The Federal Bureau of Investigation and the Yale Police Department will work together to run a law enforcement and legal training program at Yale for local youth this summer. The camp, now in its third year, will feature workshops, lectures and activities with local, state and federal law enforcement officials.

“The program is unlike any other program in the country,” said Charles Grady, community outreach specialist for New Haven’s FBI field office. “Our primary goal in creating this program was to help shape and mold young individuals who were thinking about careers in law enforcement and to expose them to a multitude of career choices.”

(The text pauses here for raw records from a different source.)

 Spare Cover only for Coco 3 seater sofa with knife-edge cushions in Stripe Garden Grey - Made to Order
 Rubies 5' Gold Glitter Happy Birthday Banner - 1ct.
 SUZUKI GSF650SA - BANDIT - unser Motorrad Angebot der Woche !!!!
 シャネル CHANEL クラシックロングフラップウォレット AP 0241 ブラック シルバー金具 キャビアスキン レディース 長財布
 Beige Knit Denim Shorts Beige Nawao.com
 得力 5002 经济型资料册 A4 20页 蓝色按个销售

The program, officially called the Future Law Enforcement Youth Academy, will be limited to 30 Connecticut high school students, selected through an application process that includes two interviews and a short essay. The selected students will spend one week over the summer at the overnight camp, which the Yale Police Department and Yale Police Chief Ronnell Higgins and FBI special agent in charge Patricia Ferrick helped organize.

Higgins could not be reached for comment on Thursday.

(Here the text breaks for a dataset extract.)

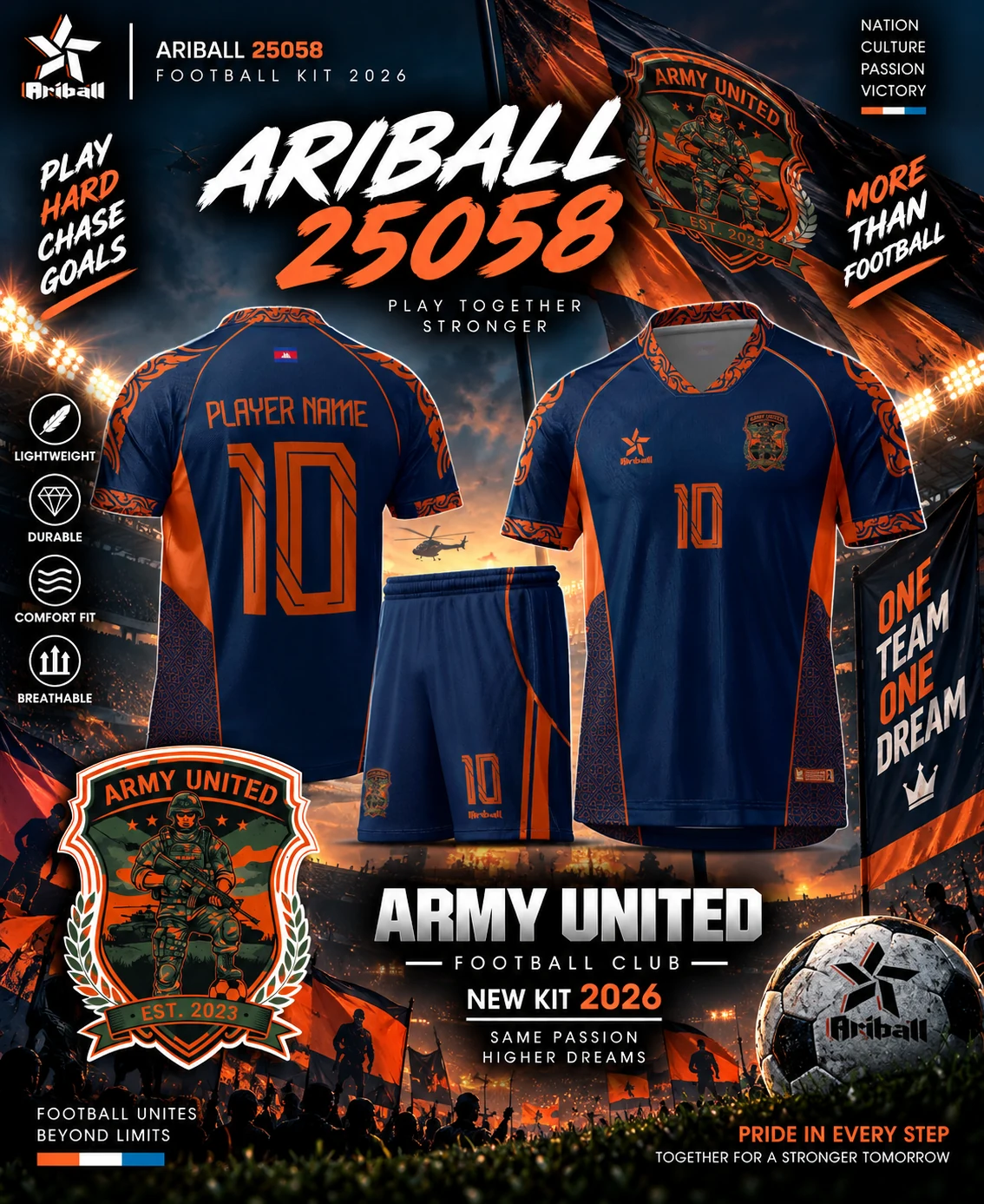 ARIBALL ARI25058 football jersey front and back presentation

The program will cover various aspects of law and police work, such as forensics, cybercrime and civil rights. Gemma Joseph Lumpkin, the chief of youth family and community engagement at the New Haven Board of Education, spoke positively about the program, noting that it is important to build positive relationships between police and youth in New Haven.

“Any opportunity to build relationships between our community, which includes our youth community and our general community, with law enforcement … is a very positive thing for New Haven and for our young people,” she said.

The program has also tried to curate a diverse group of students. Grady, who also helped organize the program, said that of the 30 students, there will be 15 boys and 15 girls, representing different cultural and ethnic backgrounds and hailing from across Connecticut. Students will be paired with professionals in law enforcement from their respective counties. Collaboration between agencies, Grady added, will be an essential feature, in the future, of law enforcement.

Shafiq Abdussabur, a retired sergeant and district commander at the New Haven Public Safety Administration, framed the program’s importance in a national context, pointing to the recent epidemic of shootings in this country as evidence for the importance of fostering civic youth engagement.

“I think it’s a great program,” Abdussabur said. “We need to positively engage youths and create a space for youths where they can exchange ideas and emotions and the challenges and things that they are going through. I think [the program] should be something that is modeled throughout the entire country … not just in New Haven”

The instructors at the academy will include federal agents and attorneys, forensic scientists, judges and police officers.